1. The tax cap has not been raised in 48 years, the last time it was raised was in 1971 and was raised to $1,000.00. The Consumer Price Index Published by the U.S. Bureau of Labor Statistics shows us that from 1978 to 2019 there has been an 292.78% increase in cost of living. The City of Ketchikan has not kept up with the cost of living let alone $1,000.00 is hardly worth today what it was worth in 1978. If we did, our tax cap should be at $3,927.80. Some want to claim raising the tax cap to $2,000.00 will hurt the community members the most.

Please ask yourself this: how often do you spend over $1,000 in a single grocery shopping spree, or on stove oil in a single purchase?  

Some will tell you that raising the tax cap will drive cruise passenger purchases to other communities. These same folks will give you this line, “Ketchikan is already the highest taxed city.”

Guess what? It isn’t. That is an untruth or someone hasn’t done their homework. We have been fed this doom and gloom forecast for 20 some years and we have bought into it not only in the tax cap area but in our port fees as well. (that’s a different topic and one I will get to at another time.)

As it turns out other coastal Alaska communities have higher single unit sales tax caps

Let’s look at our neighbors’ tax cap and rates 

Juneau: tax 5% Tax cap at $12,000.00. No Cap applies to Jewelry

Sitka:  tax 6% April to Sept, and 5% from October to March Tax cap $12,000.00 effective 2017. 

Haines is 4% +1.5% during summer at $10,000.00

Skagway is 5% April to September and 3% from October to March
even Wrangell’s Sales tax is 7% and at a $3,000.00 cap.

Ketchikan: 6.5% 2.5% borough, 4.0% city, Tax cap goal on the agenda, $2,000.00 raised from $1,000.00 

The City Council members have had to make rough strong choices in good faith, and I still believe they all have the best interest of the community at heart. The tax cap would go up on all goods, but would remain capped for rent at the current $1,000.00.

We get taxed for our groceries at the amount we spend. Most of us don’t go out and buy our stove oil in one single order. Most of us have a 275 to 300-gallon tank for our houses. To fill up an empty tank we are talking about $700-$800. Most of us are on keep full or like me, you order $200.00 a month to maintain our budget.

Some will ask “what about those who fill up their boats to go fishing?” Sure, I had that conversation with a couple local fishermen. Let’s say you have a boat that holds 150 gallons of fuel, that’s about give or take $320.00 so they might spend about $300 to fill up.

Keep in mind: if we look at raising property tax the boroughs property tax is already designated to the school district and cannot be used anywhere else. The city property tax is a drop in the bucket compared to the amount of sales tax we collect in the summer compared to the amount collected in the winter. Lets take a look at property tax for the 2018, with a Millage rate of 6.6 we collected $5,622,812.00. currently in 2019 we have tax revenue of $5,695,901.00.

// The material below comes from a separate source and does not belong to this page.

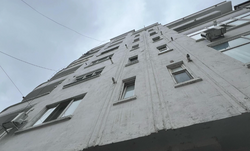 Mennyiért árulják az ország legkisebb lakását? (VIDEÓ)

Who is paying more in sales tax? Well let’s see! If we look at October to March Sales tax in 2018, $3,807,587.00 was collected. April to September 2018 taxes collected were $8,663,093.00. The majority of the taxes collected are during our tour season. In 2015 collected taxes for October to March at $3,707,060.00 compared to April to September at $7,725,959.00

The difference is $937,134.00 in three years. Imagine if we had kept up with the Consumer Price Index and our cap was at the $3,927.80?

Since we don’t have a record of sales over the $1,000.00 mark to see what we are missing out on in revenue we can only guess. But would it not be safe to say that if we looked at raising our tax cap, we could be capturing more revenue from the sales generated by jewelry store sales in the tourist industry?

Janalee L Minnich Gage
Ketchikan, Alaska


Editor's Note:

The text of this letter was NOT edited by the SitNews Editor.